Investors plan to stay the course with private equity, despite expectations for flat or negative returns from public equity in the US.
That’s according to a new Endowments and Foundations Survey from NEPC, looking at how endowments and foundations view private equity relative to other asset classes, the strength of the US economy, the domestic equity market, and the biggest threats to their portfolio over the next 12 months.
More than half of the survey respondents (51 per cent) expect private equity to outperform other asset classes over the next 12-24 months.
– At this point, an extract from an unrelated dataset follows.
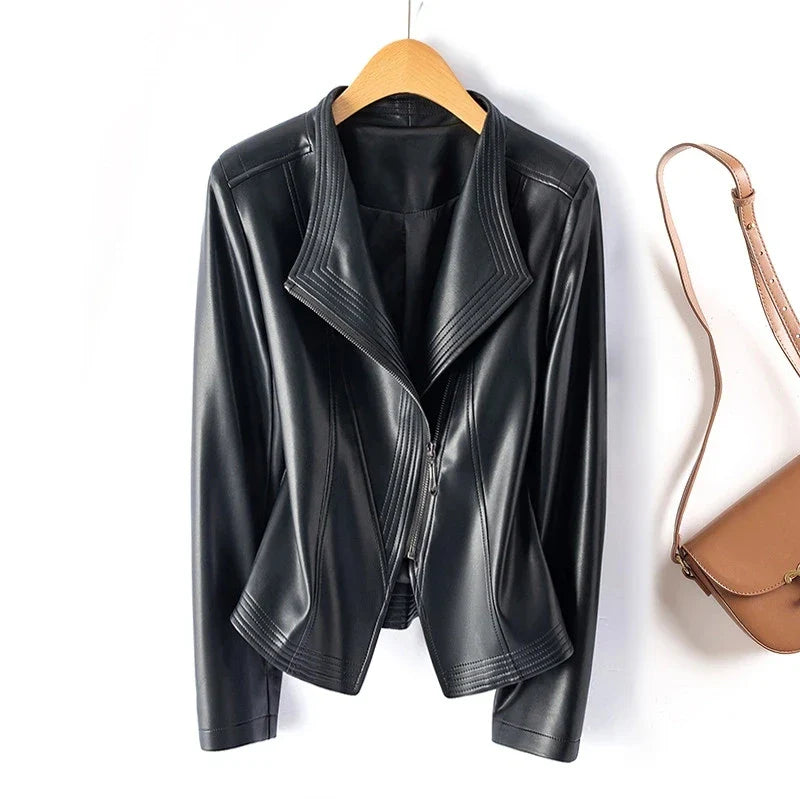 Ella Tailored Leather Jacket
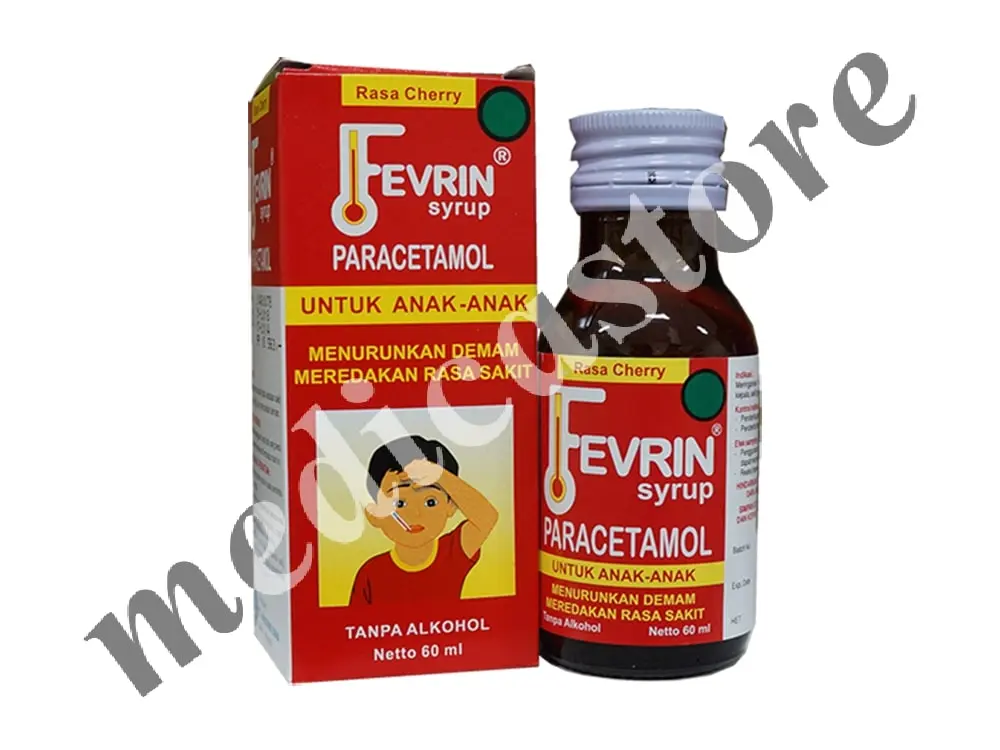 FEVRIN SYRUP 120 MG / 5 ML 60 ML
Forty-five per cent believe private equity returns will be neutral, and only 4 per cent expect it to underperform over that same period compared to other investments.
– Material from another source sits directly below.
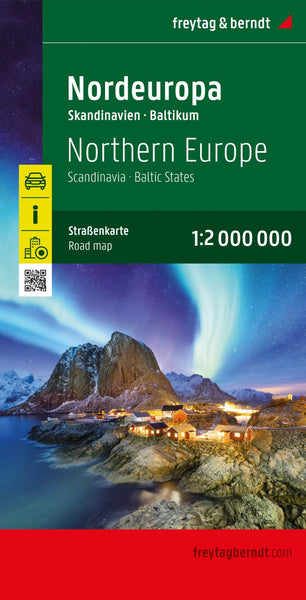 Northern Europe, road map 1:2,000,000 Freytag & Berndt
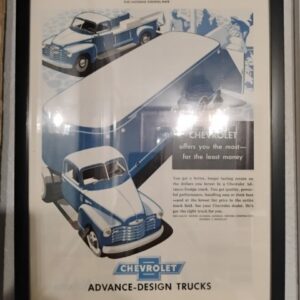 Framed Chevrolet Ad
“Given the ageing US equity bull market and the need for endowments and foundations to meet their expected rate of return, it’s not surprising to see them investing in areas such as private equity,” says Scott Perry, Partner and member of NEPC’s Endowments & Foundations practice. “With volatility reemerging after a fairly calm environment for the last few years, alternative asset classes in general have been generating interest among institutional investors.”
When asked to identify which private equity strategy will deliver the strongest return over the next 5-10 years, Special Situations took the top spot with slightly more than a quarter of overall responses (26 per cent). Growth Equity and Regional Strategies are also expected to perform well, with both receiving 17 per cent of responses each.
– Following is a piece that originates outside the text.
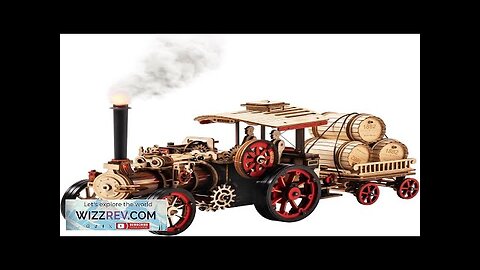 rowood 3D Puzzles for AdultsSteam Engine Model Kit1:28 Scale Mechanical Steam Locomotive Review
One area that respondents aren’t as optimistic on, however, is US equities, as 58 per cent think domestic equity returns will be relatively flat to negative in 2019. Thirty-eight percent believe domestic equities will taper a bit but still eke out returns in the mid-to-high single digit range, and only 4 per cent expect the rally to continue.
Turning their attention abroad, investors have largely brushed off concerns that appeared in emerging markets. Nearly half (47 per cent) of survey respondents say they’re actively monitoring their exposure to emerging markets, but despite the recent market sell-off, 94 per cent have not made any changes to their emerging markets allocation.